(Captioned web images)
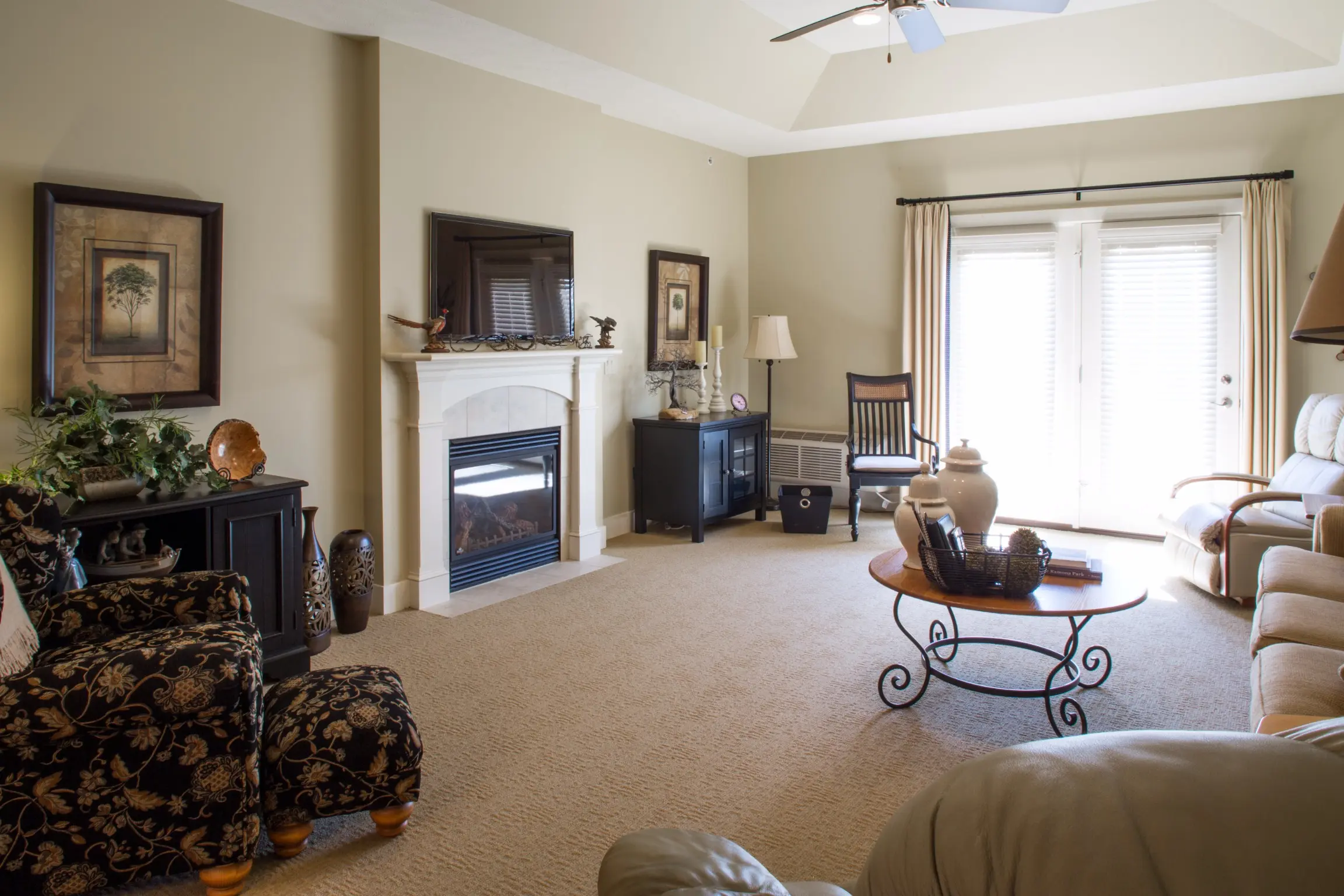 Apartment living room at American House Jenison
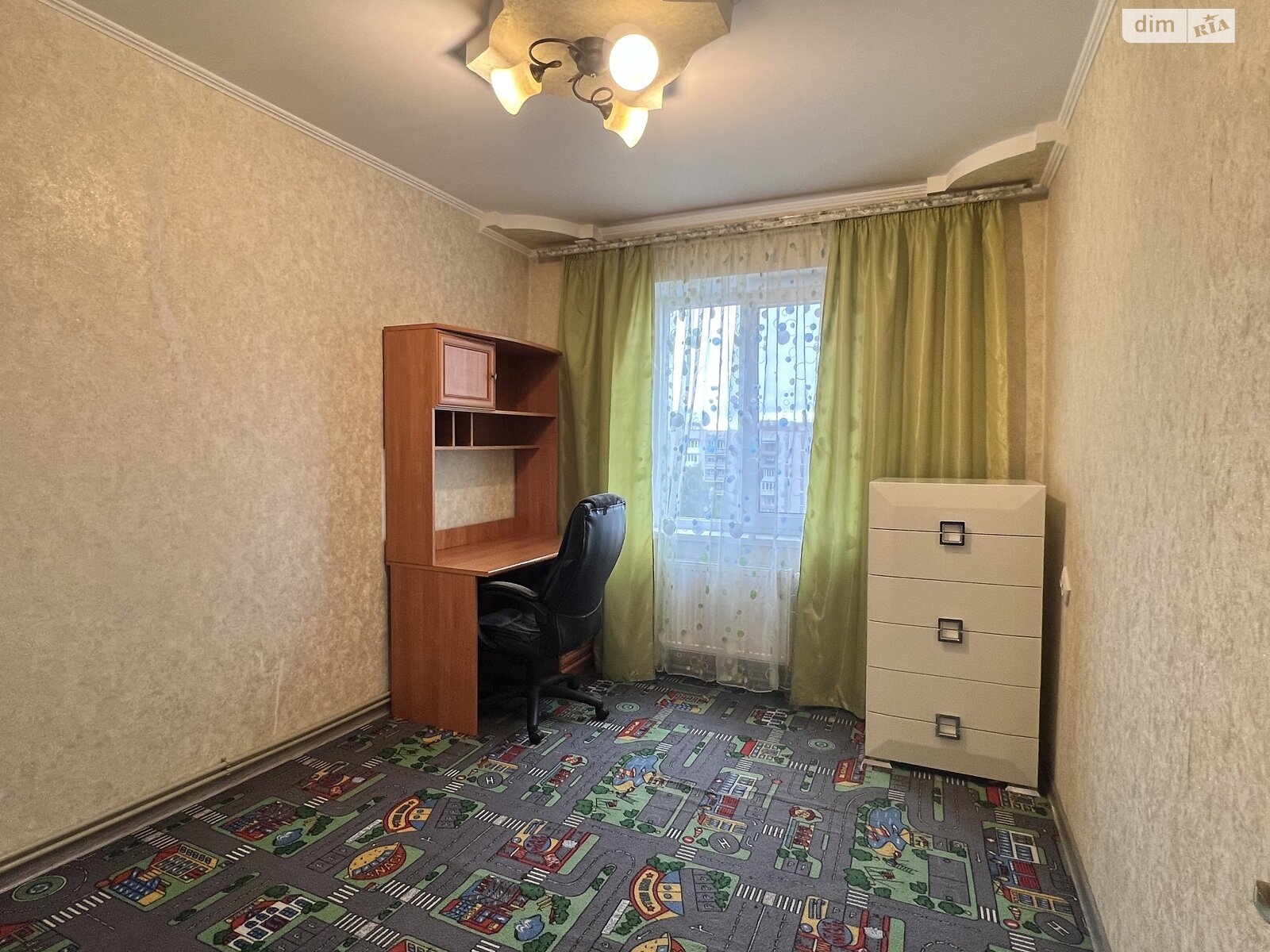 трехкомнатная квартира в Тернополе, район Молодежный, на ул. Киевская 9 в аренду на долгий срок помесячно фото 1 трехкомнатная квартира в Тернополе, район Молодежный, на ул. Киевская 9 в аренду на долгий срок помесячно фото 1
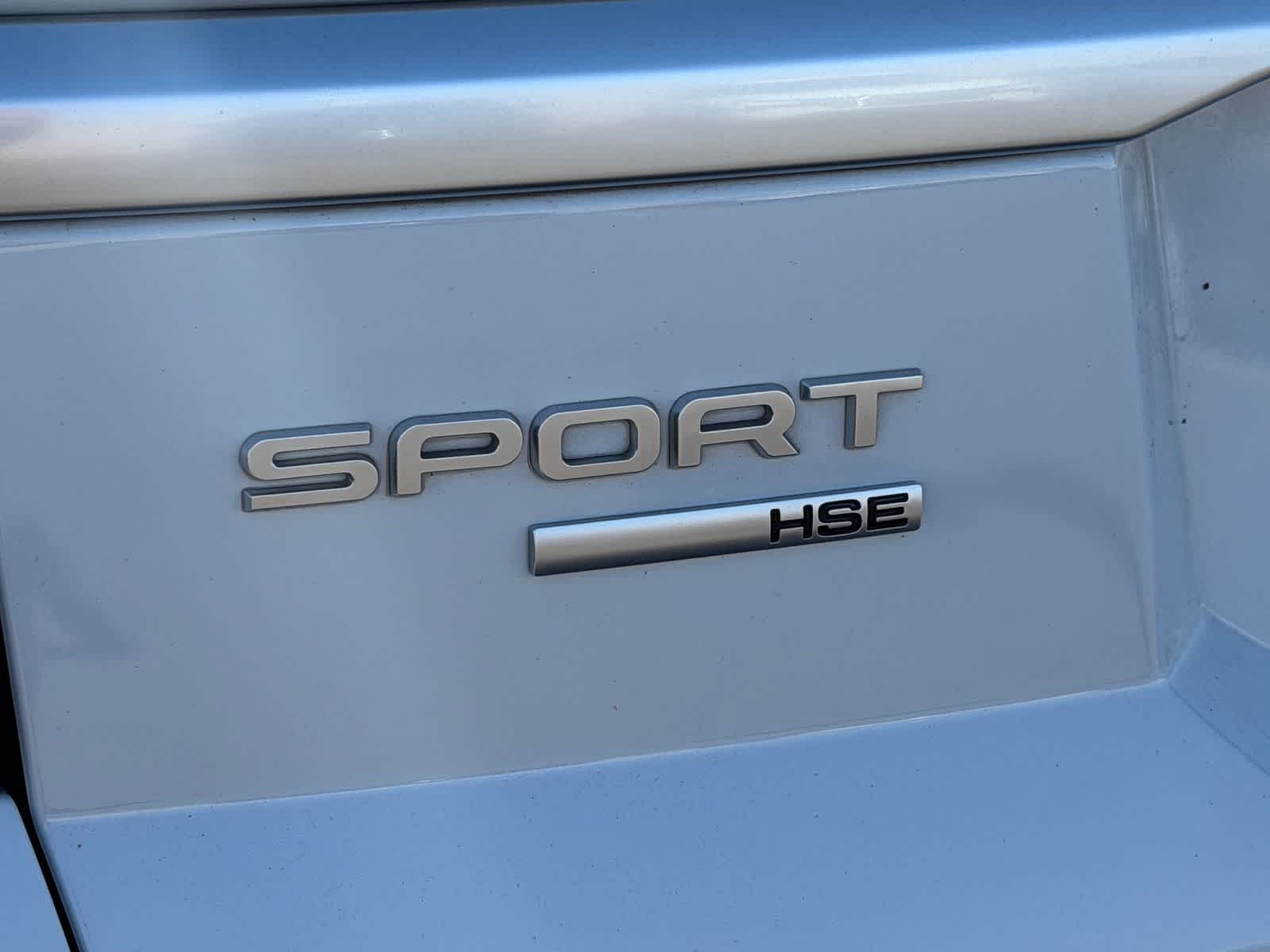 Thumbnail: 2017 Land Rover Range Rover Sport - 20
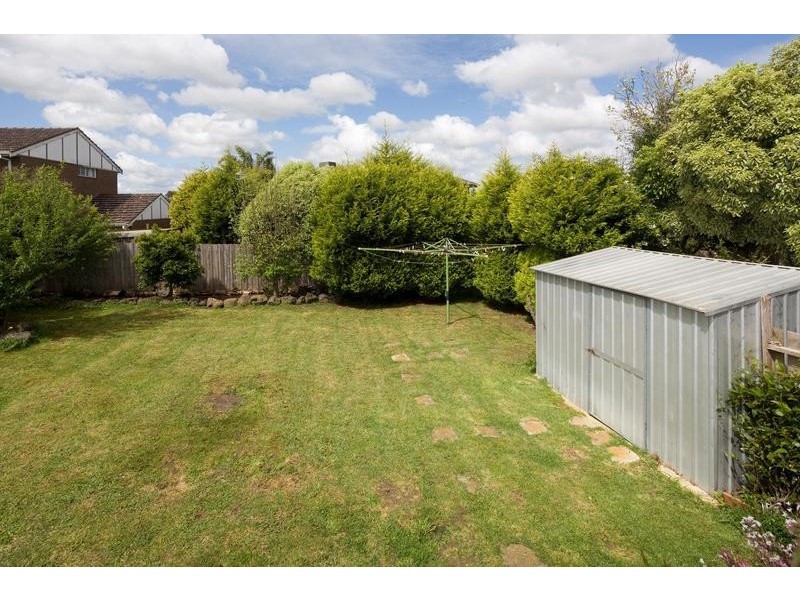 4 Granton Ave, Endeavour Hills VIC 3802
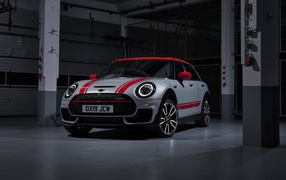 Автомобиль MINI John Cooper Works Clubman 2019 года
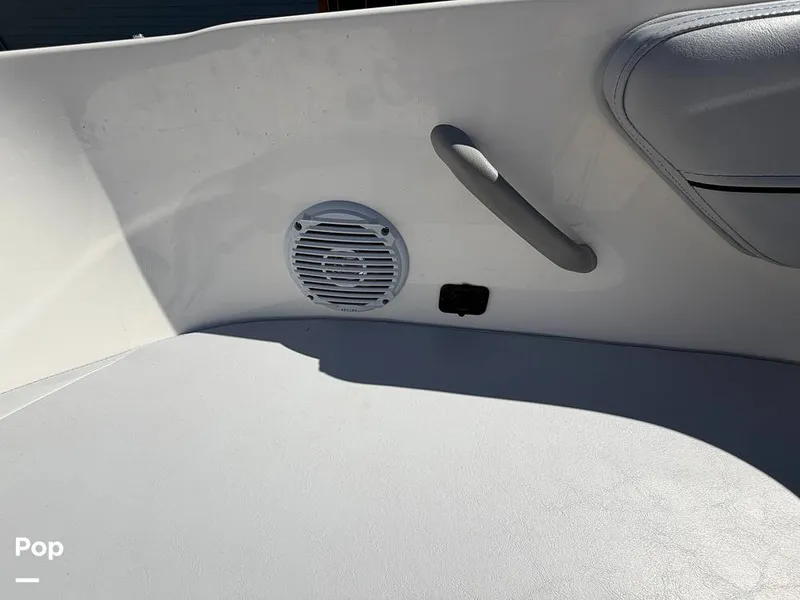 Slide: The Image of Bayliner VR4 2022 - 16596771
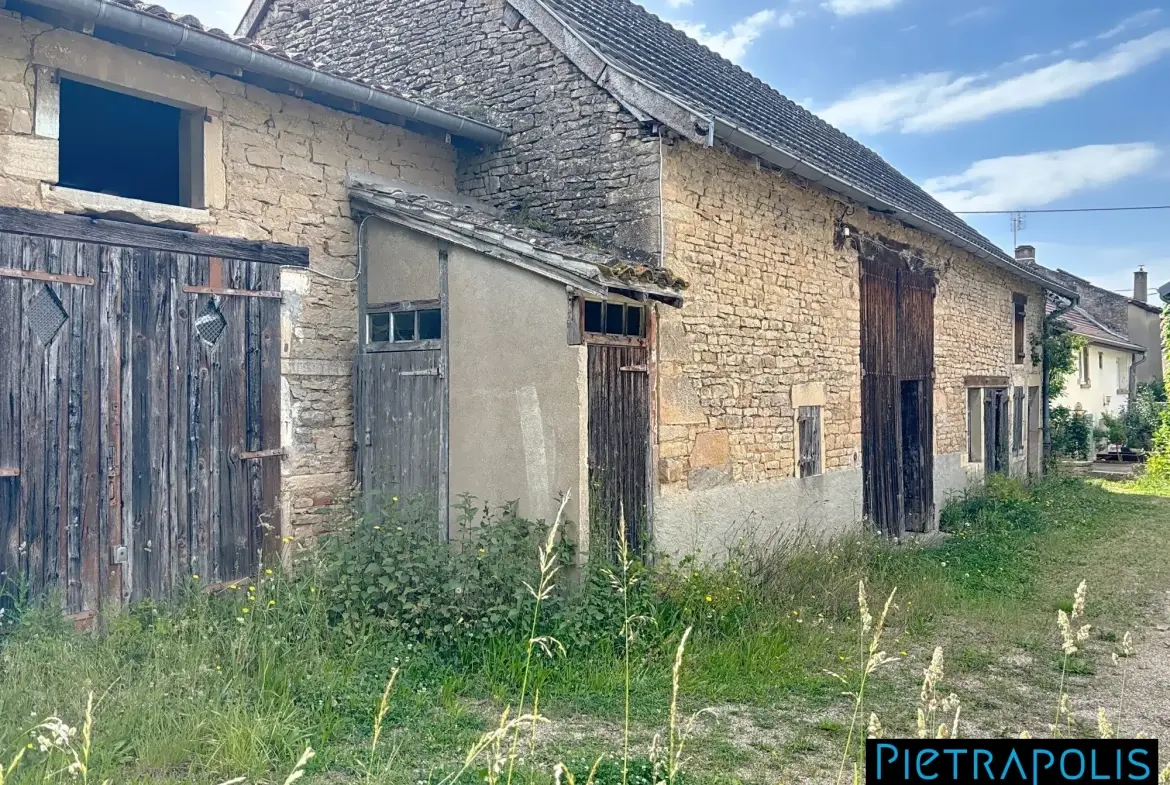 Grange en pierre à rénover proche Mâcon - Opportunité rare à La Salle 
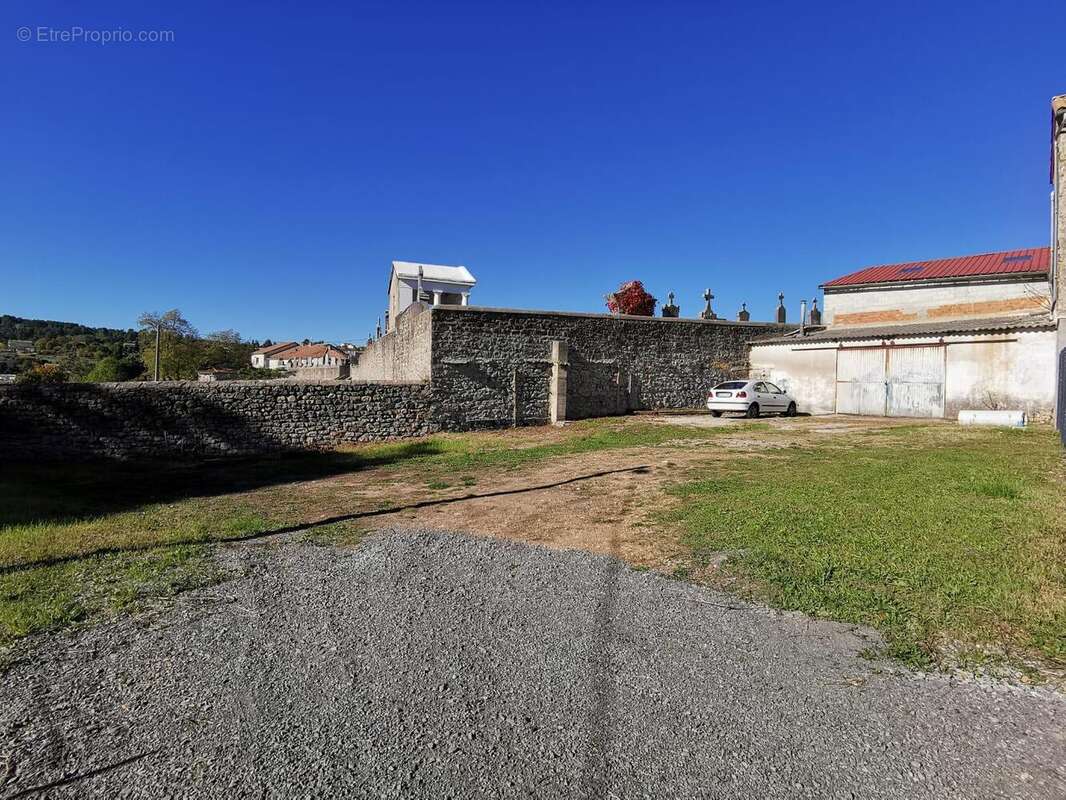   - Terrain à AUBENAS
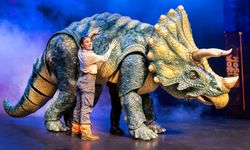 ‘Dinosaur World Live’ Tiyatrosu Ankara’da Sahne Aldı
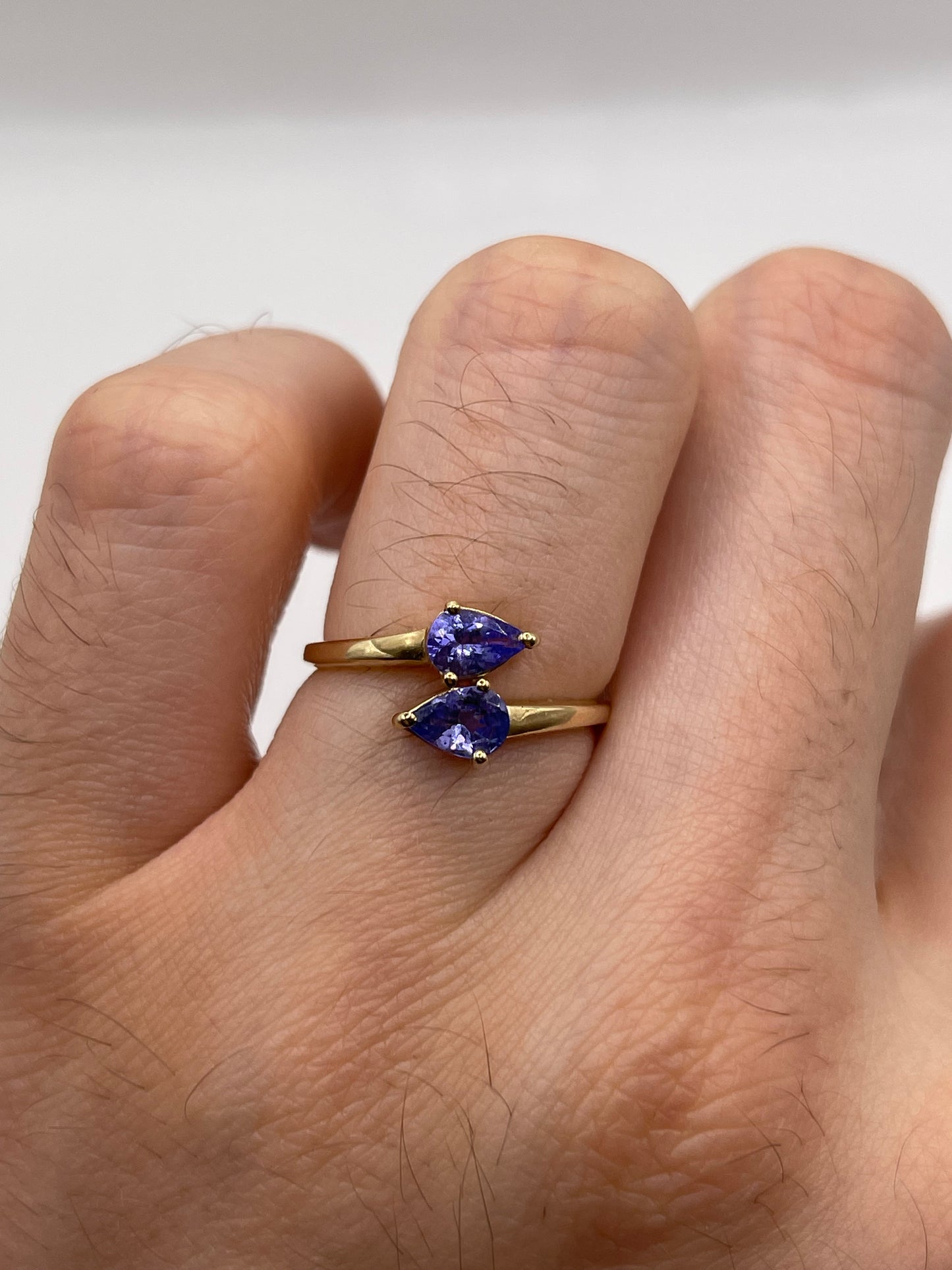 9ct gold tanzanite ring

What the exercise asks:
Would you write out every record word for word, leaving no picture in?

Response:
 Apartment living room at American House Jenison
 трехкомнатная квартира в Тернополе, район Молодежный, на ул. Киевская 9 в аренду на долгий срок помесячно фото 1 трехкомнатная квартира в Тернополе, район Молодежный, на ул. Киевская 9 в аренду на долгий срок помесячно фото 1
 Thumbnail: 2017 Land Rover Range Rover Sport - 20
 4 Granton Ave, Endeavour Hills VIC 3802
 Автомобиль MINI John Cooper Works Clubman 2019 года
 Slide: The Image of Bayliner VR4 2022 - 16596771
 Grange en pierre à rénover proche Mâcon - Opportunité rare à La Salle 
   - Terrain à AUBENAS
 ‘Dinosaur World Live’ Tiyatrosu Ankara’da Sahne Aldı
 9ct gold tanzanite ring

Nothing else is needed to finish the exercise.